Canada’s public service and the new global normal of change: Lynch
2015/07/13 1 Comment
Former Clerk of the Privy Council Kevin Lynch on the role and challenges for the public service:
The public service plays a core role in our Westminster system of government. It is nonpartisan, it is permanent, serving governments past, present and future, of any political party, with equal loyalty and effectiveness, and its appointments are merit-based. It offers evidence-based policy advice to the government of the day, it administers the policies, programs and regulations approved by Parliament on a nonpartisan basis, and it provides the essential services of government. Given its roles, responsibilities, and accountabilities, a Westminster public service should not be mistaken for an administrative service, nor should it be confused with an American civil service, which is institutionally designed to be partisan and non-permanent at all senior levels.
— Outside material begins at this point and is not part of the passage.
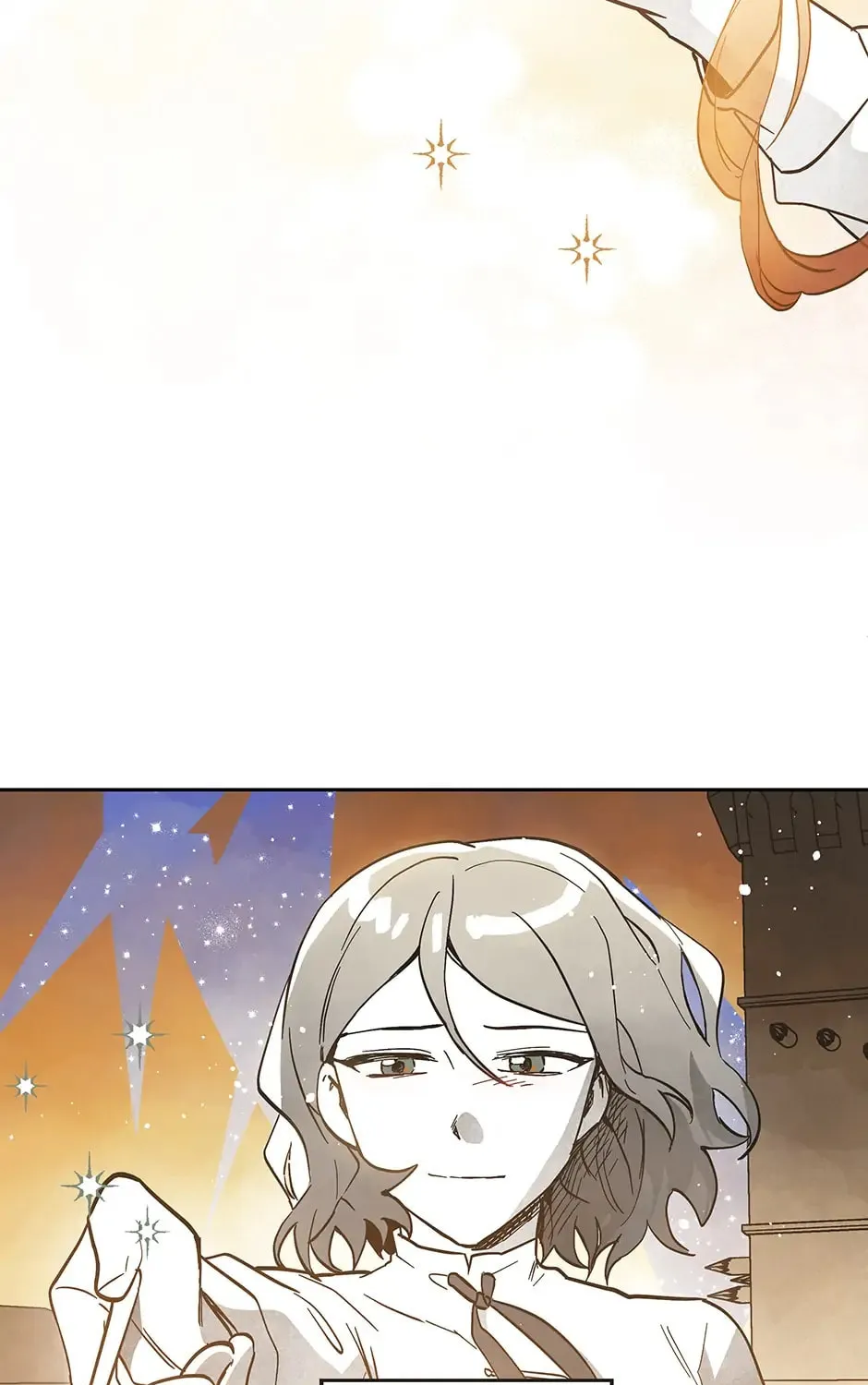 Read Wizard Number Zero chapter 79 image 26 on Lezhin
These same global trends are impacting Canadian public services, both federally and provincially. Demographics—our public services are aging, and recruiting, training and retaining the next generation of public servants, and developing its leaders are a key challenge. The competition for exceptional talent is intensifying, and the public service will be able to attract such talent only if the work environment within government offers the ability to make a difference, help shape policy options and choices, be innovative in service delivery, and do great science. Globalization—a public servant today needs a worldview not a parochial one, an understanding that something happening anywhere in the world can have impacts here in Canada. And technology—innovations in ICT, social media, cloud computing, data analytics and adaptive learning have enormous potential to reshape both the “back office” of government operations and the “citizen-facing” service delivery and interaction functions.
The public service is under stress, both responding to these demographic, globalization and technology pressures and dealing with a challenging governance environment. At a time when Canada faces many longer-term policy issues, there seems to be little demand for public service policy advice. At a time when the private sector is shifting to distributed leadership and entrepreneurship models and risk management, the governance model of the federal government is moving towards ever greater centralization and risk aversion. At a time when attracting and retaining superb talent to the federal public service is facing stiff competition from the private sector here and abroad, there is ambiguity from the government itself about the importance of government and governance to the economy and society in these transforming global times—hardly motivating to prospective public servants. As leading experts on the public service such as Donald Savoie have stressed, the apparent antipathy of the government today toward the public service may have deleterious long term impacts on the public service as an institution.